I had my own experience when I included a question about the lawsuit on the weekly news quiz I give to my USC journalism students at the beginning of class. After we corrected the quizzes, students brought up the lawsuit and expressed astonishment that such fees were forbidden. In fact, nearly kid in the class who went to high school in California seemed to have his or her own academic fee story. Usually several of them.

I suddenly thought of the time that my now-25-year old son was required to purchase a fancy $70 or $80 calculator in order to take his advanced math classes when he was a 9th grader at Pacific Palisades High School.

“It’s gone on for years,” said Sapp. “Years.”

Rosenbaum agreed. “Here’s the thing,” he said. “They all knew that they were breaking the law.

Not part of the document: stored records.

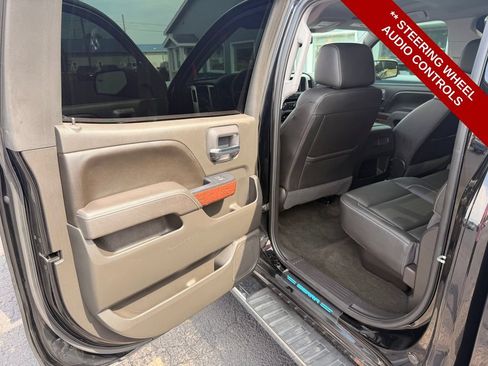 Used 2017 GMC Sierra 1500 SLT w/ SLT Premium Package AWD/4WD image 17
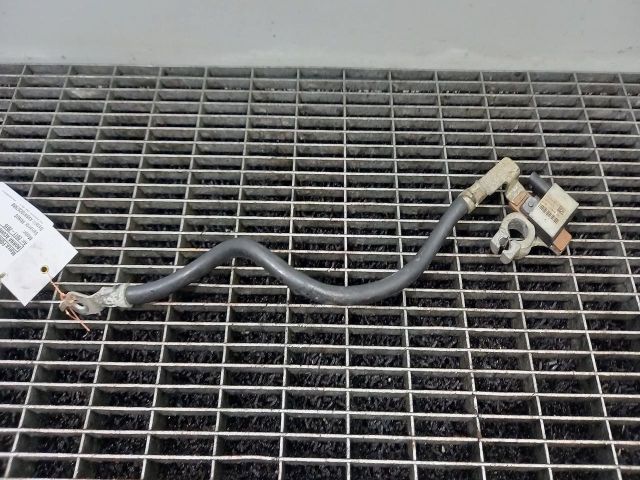 bontott FORD FOCUS III Akkumulátor Saru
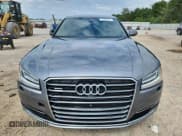 ✅ 2015 Audi A8 4.0T • VIN: WAU32AFD8FN025101 • Lot: 71974225. Wystawiony na Copart z przebiegiem Nie podano. Bezpłatny archiwum sprzedaży aukcyjnych z USA i szczegółowy raport historii pojazdu na DreamBid. Zdjęcie 5.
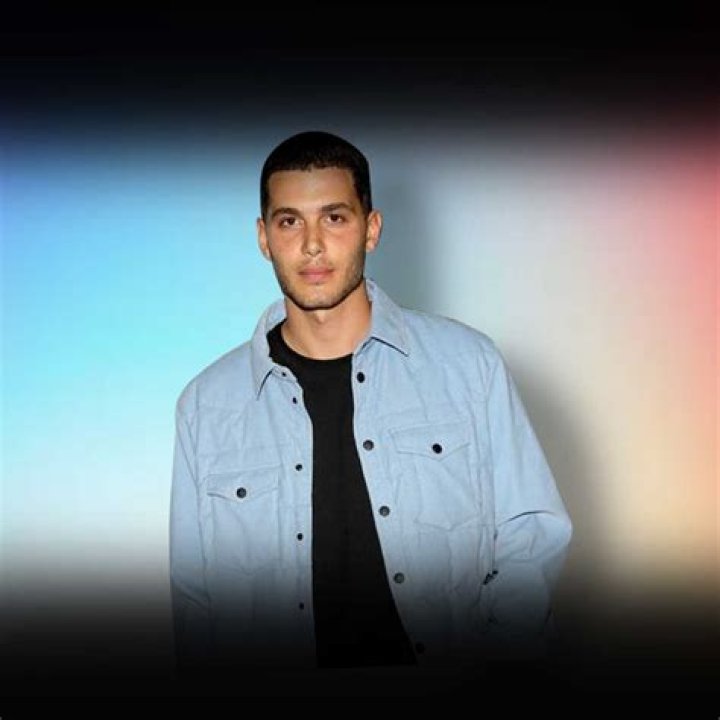 Fai Khadra- Wiki, Age, Height, Net Worth, Girlfriend, Dating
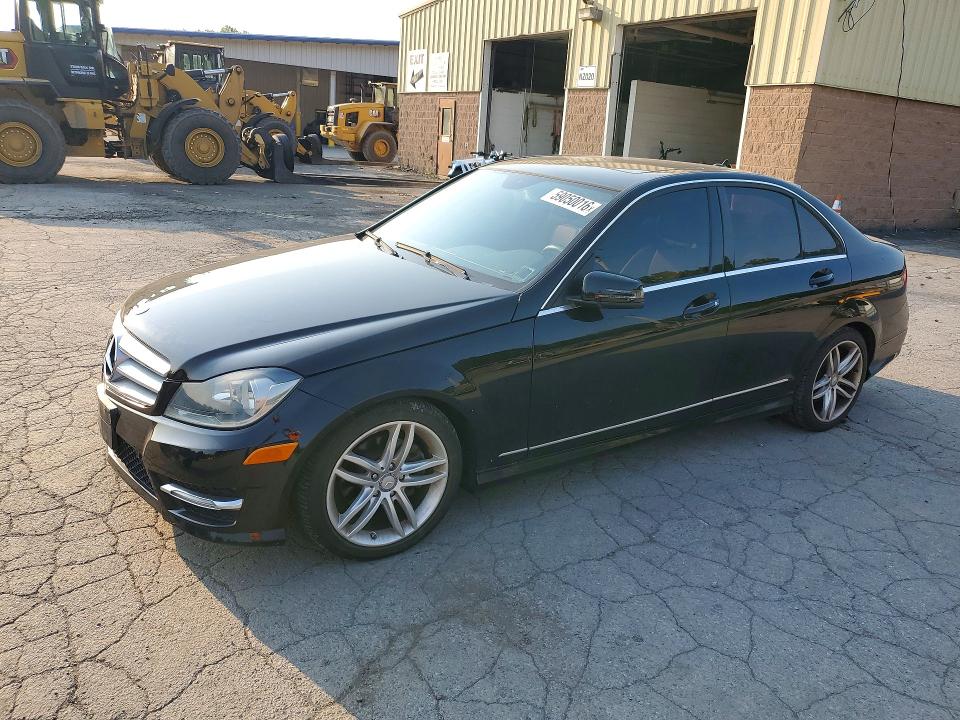59050016 :رقم المزاد ، WDDGF8BB2CR205092 vin ، 2012 Mercedes-benz C مزاد بيع
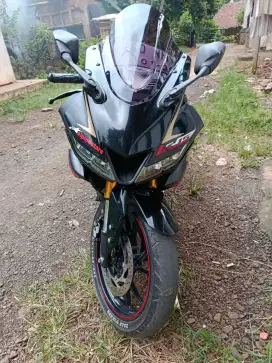 Yamaha R 15 V3 motor pribadi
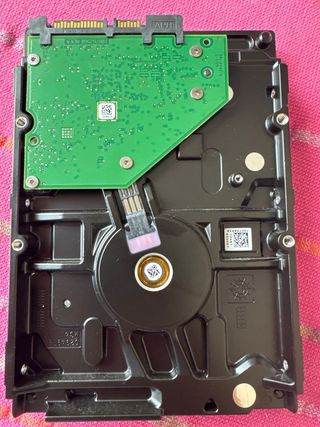 Disco Duro Seagate 1TB Desktop HDD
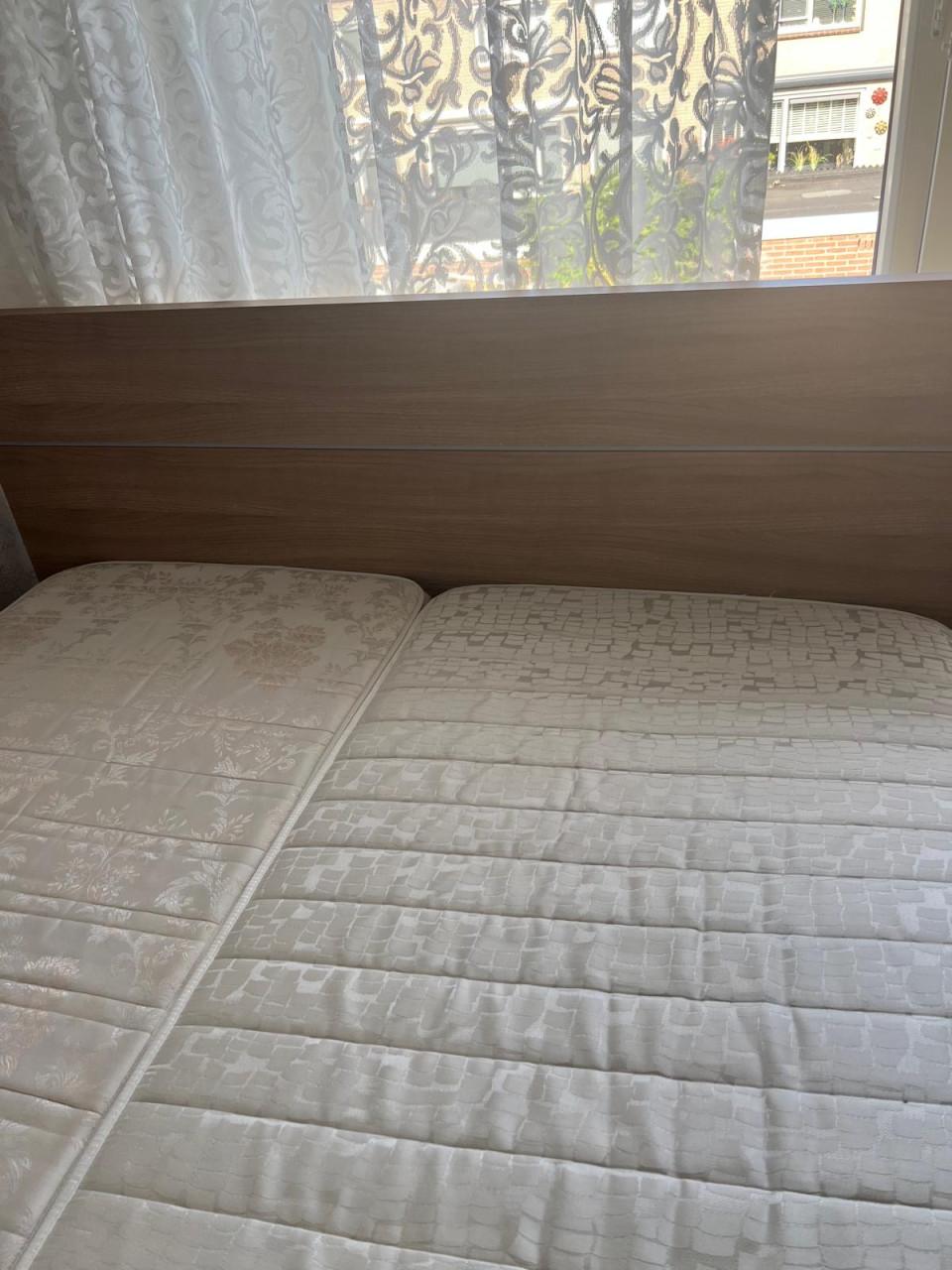 Tweepersoonsbed 140x200 incl. matrassen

They just didn’t do anything about it.”

Now, thankfully, state officials have no choice but to do something about it.


AND IN OTHER EDUCATION NEWS: MAYOR ANTONIO VILLARAIGOSA CALLS OUT THE LA TEACHER’S UNION (UTLA) AND SMACKS THEM—REALLY, REALLY HARD

The LA Times’ Patrick McDonnell and David Zahniser report on Antonio unloading on UTLA (which, quite frankly deserves it):

Here’s a clip:

With a hard-hitting speech that branded the city’s teachers union as an unyielding obstruction to education reforms, Mayor Antonio Villaraigosa set the stage this week for a new battle over control of the troubled Los Angeles Unified School District, the nation’s second-largest.

In a Sacramento address to state leaders, Villaraigosa — himself a longtime teachers union employee before launching a career in public office — declared that education in Los Angeles stands at “a critical crossroads,” and he assailed United Teachers Los Angeles for resisting change.

During the last five years, the mayor said, union leaders have stood as “one unwavering roadblock to reform.” He called for change in contentious areas such as tenure, teacher evaluations and seniority — all volatile arenas in which teachers unions have balked at proposals for reform as eroding their rights.

“At every step of the way, when Los Angeles was coming together to effect real change in our public schools, UTLA was there to fight against the change and slow the pace of reform,” Villaraigosa declared at a forum of the Public Policy Institute of California, a nonpartisan think tank.

There’s a lot more. Evidently AV was just warming up with what I’ve reproduced above.